What you are asked to do:
From the listing below, restate word for word the lines from the line containing "香喷喷，美味出锅。可以当零食吃了，酥脆好吃" down through the line containing "Tesla Model X - Afbeelding 17 van 30". Exclude pictures.

Records provided:
[Start of Attachment]

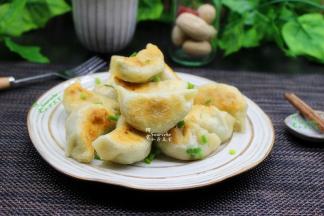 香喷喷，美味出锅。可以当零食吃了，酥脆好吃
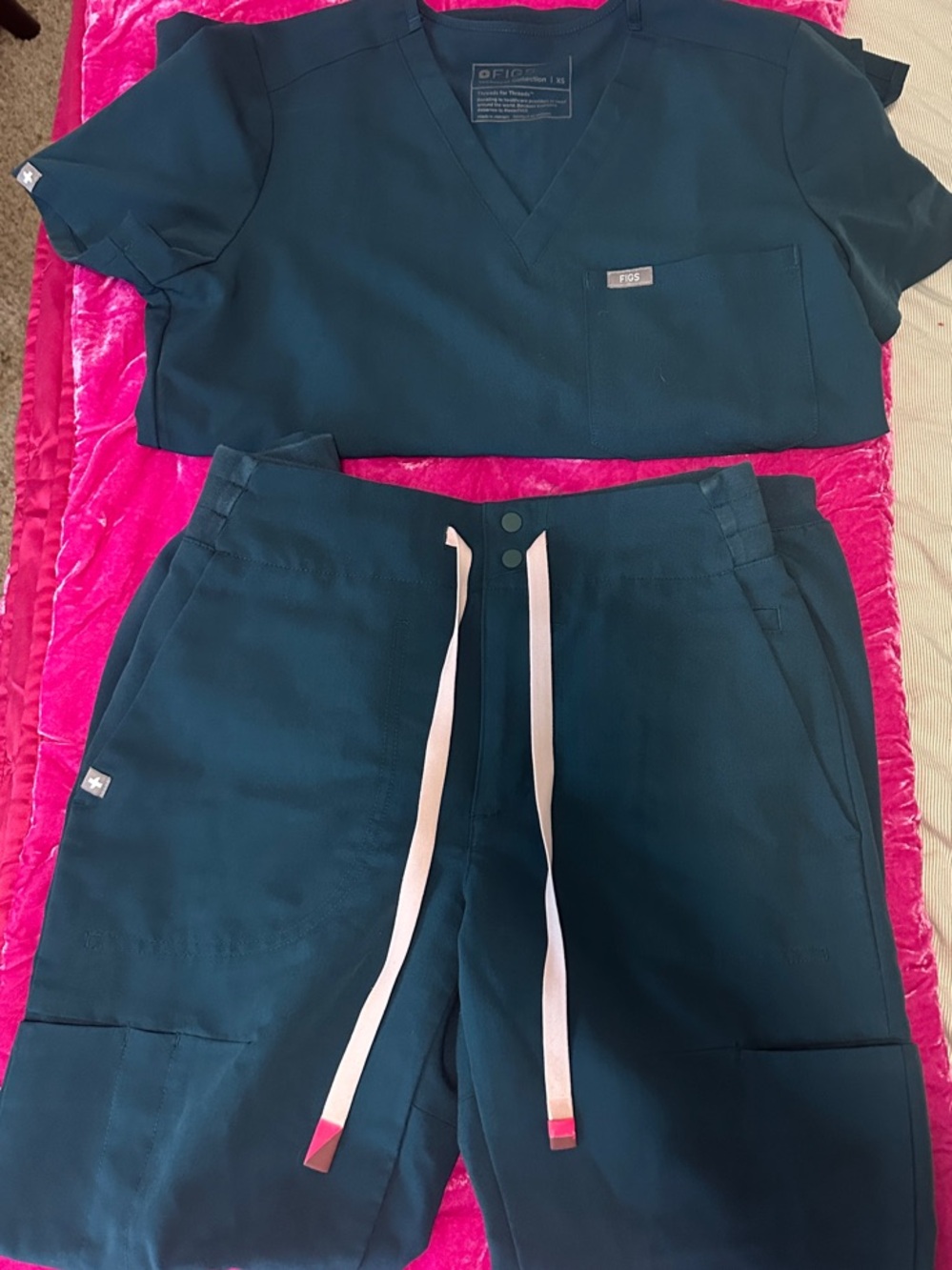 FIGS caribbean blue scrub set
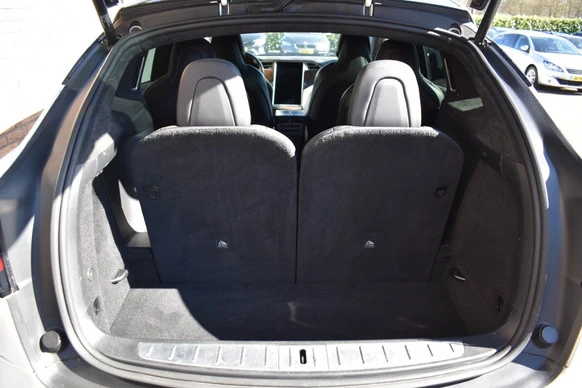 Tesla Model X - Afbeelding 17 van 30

[End of Attachment]
[Start of Attachment]

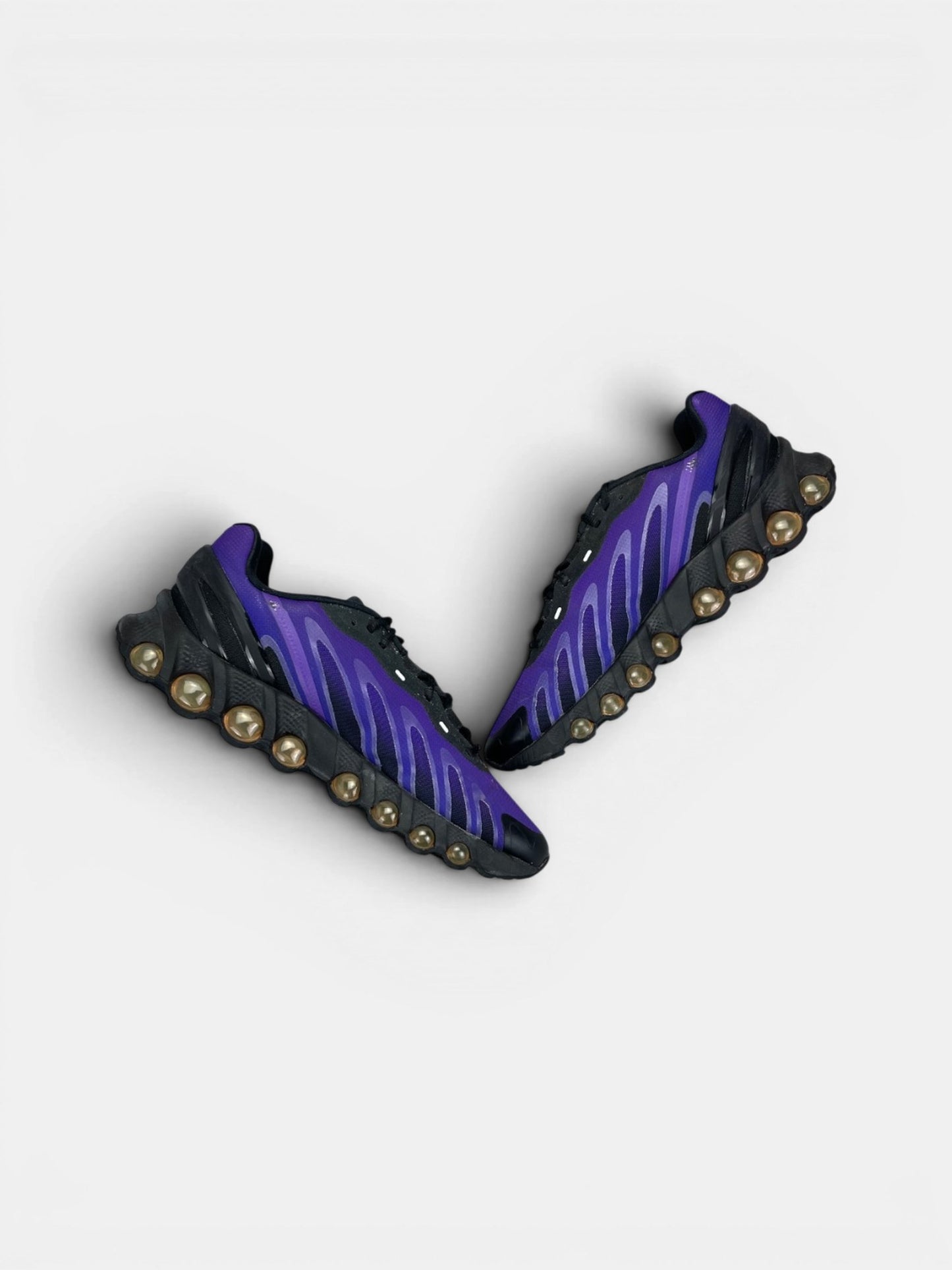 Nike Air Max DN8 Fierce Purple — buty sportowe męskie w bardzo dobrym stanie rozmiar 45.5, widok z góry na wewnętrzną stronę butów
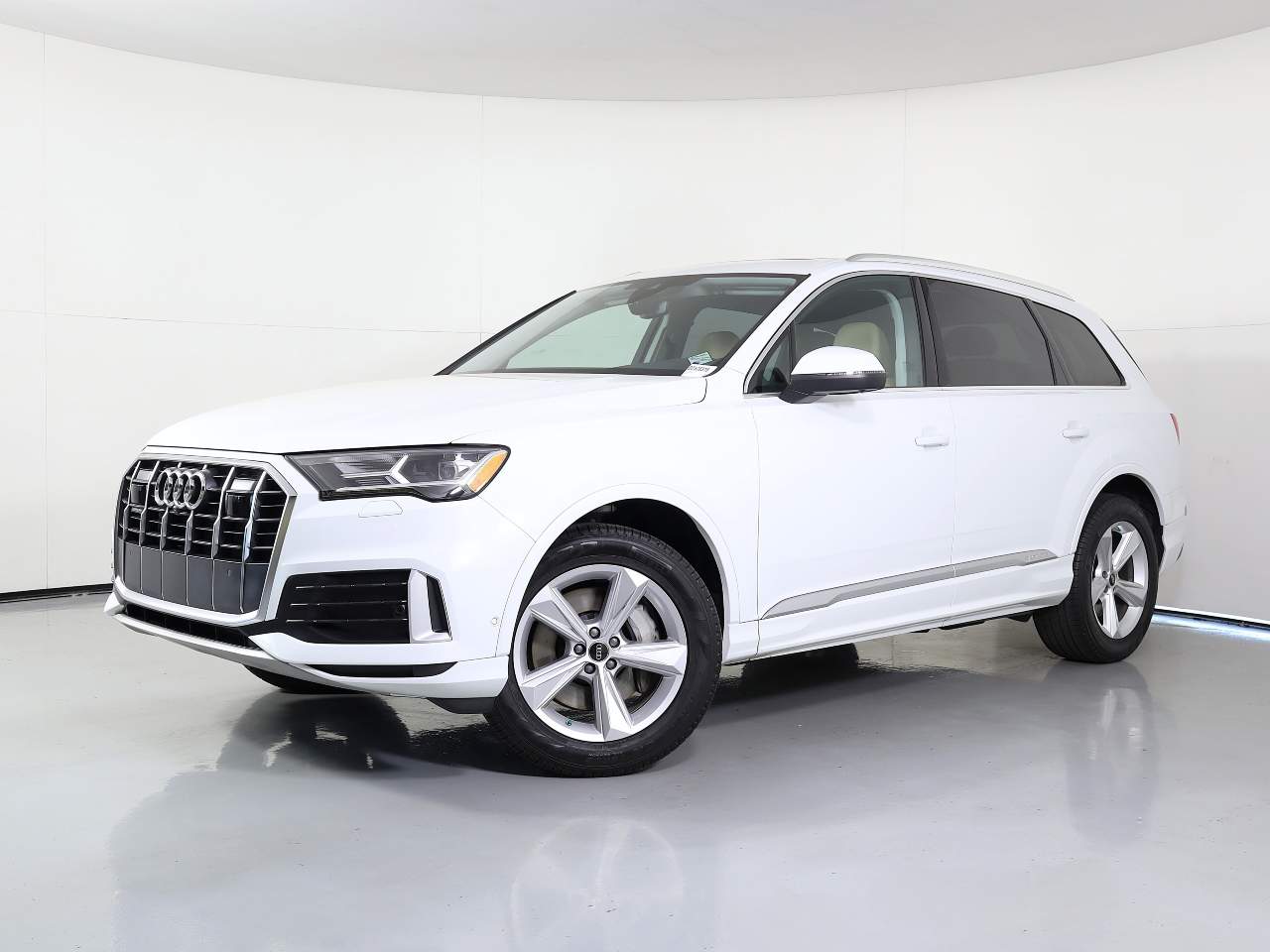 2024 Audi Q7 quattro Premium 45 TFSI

[End of Attachment]

Answer for the task:
 香喷喷，美味出锅。可以当零食吃了，酥脆好吃
 FIGS caribbean blue scrub set
 Tesla Model X - Afbeelding 17 van 30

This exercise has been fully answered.